[gnutls-devel] gnutls 3.5.5
Thomas Klute
thomas2.klute at uni-dortmund.de
Sat Oct 22 11:30:28 CEST 2016
Am 22.10.2016 um 10:22 schrieb Stefan Bühler:
> On 10/22/2016 09:57 AM, Nikos Mavrogiannopoulos wrote:
>> My suggestion as you will see above in the merge request is for
>> applications to use if (retval < 0) to check for errors rather than
>> check for a specific success code. That cannot of course change past
>> applications.
>>
>> My expectation was that few software will check for equality with zero,
>> mainly due to the examples which use the <0 pattern, and that even if
>> they did, the fact that the first certificate index would be zero, will
>> mitigate any issue (most applications load a single certificate).
>
> I don't think I've ever read the generic Error handling section; I only
> read the sections for single functions. I think those should be adapted
> as well, they simply don't read like you have to expect positive values
> as success too:
>
> On success, GNUTLS_E_SUCCESS (0) is returned, otherwise an error
> code is returned.
>
> Maybe something like this instead:
>
> On success, a value equal to or greater than GNUTLS_E_SUCCESS (0)
> is returned, otherwise a negative error code is returned.
>
> Gonna be a large patch though :)
>
>> Do you think this is going to cause issues? Most likely we can still
>> revert the change by introducing a flag in
>> gnutls_certificate_set_flags() which can enable the behavior of
>> returning indexes, instead of returning them by default.
>
> It did cause issues with lighttpd2; as there is no release and I fixed
> it in git HEAD I don't see any remaining issues in this case.
>
> I can't speak for other applications :)
It is definitely a problem for mod_gnutls, which has a lot of "(==|!=)
GNUTLS_E_SUCCESS" status checks. The one function affected by this API
change should be easy enough to change, but I don't want to do a pattern
change over the whole code base. The risk of unintended side effects
seems low, but I wouldn't want to take the chance.
Generally I think this change violates the principle of least surprise:
If the API documentation says "returns GNUTLS_E_SUCCESS or an error
code", checking for equality is the obviously safe thing to do.
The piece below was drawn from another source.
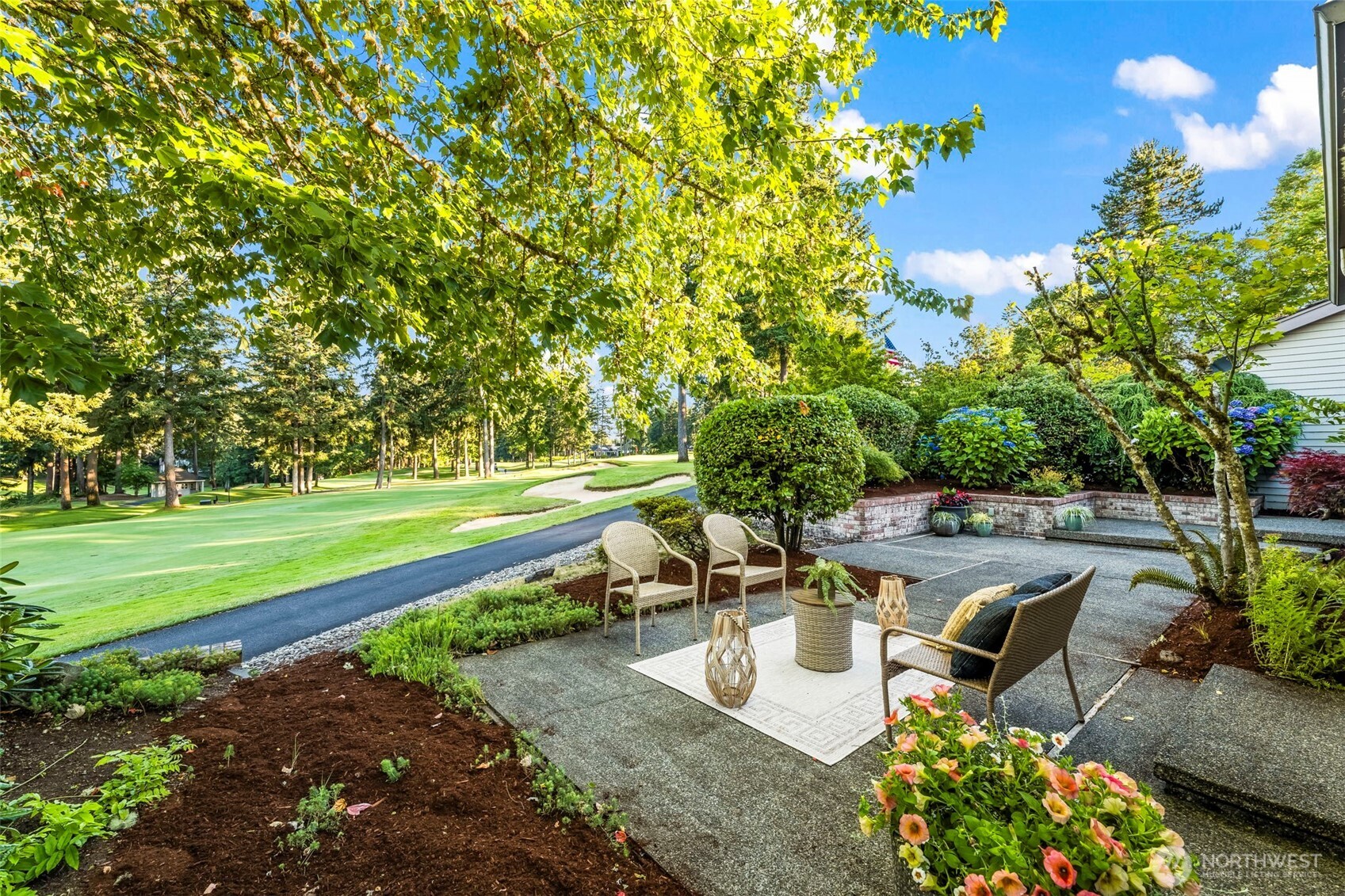 One of just five coveted Clubhomes along Canterwood’s 18th Fairway, this rare offering is all about ease, elegance, and front-row golf course living. Southeast-facing with loads of sun all day and bird's eye views of the action —mere steps from the clubhouse, pool, and pickleball courts.  The single-level layout is smart and stylish, with skylights and vaulted ceilings in the great room and kitchen, a spacious formal dining room, and three ensuite bedrooms, each with private access to a patio or garden courtyard.  Plenty of space to relax and spread out both inside and out.  With maintenance provided, whether you're downsizing to the forever home, snowbirding, or simply craving a lock-and-leave lifestyle, this home checks every box!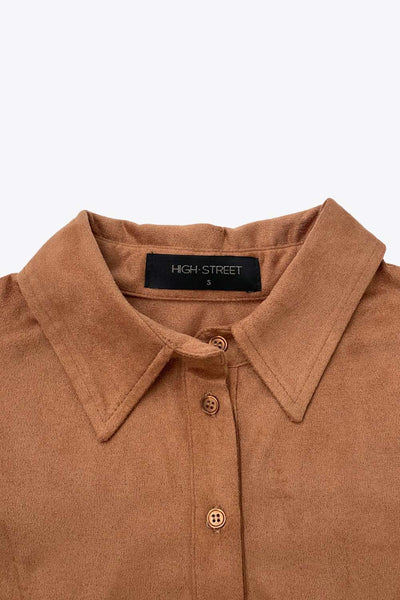 Camisa ajustada de gamuza, pinzas frontales, cuello camisero, bajo curveado, manga larga con amplitud y puño abotonado. Cierre frontal con hilera de botones.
Of
course if GnuTLS explicitly guarantees that error codes will always be
negative that's no less safe, but not something I would've expected
based on the old API doc.
If there are similar changes in the future, all functions should be
listed under "API and ABI modifications" to make it as easy as possible
to find affected code. Without a complete list I'm still worried I might
have missed something broken by the change in 3.5.5.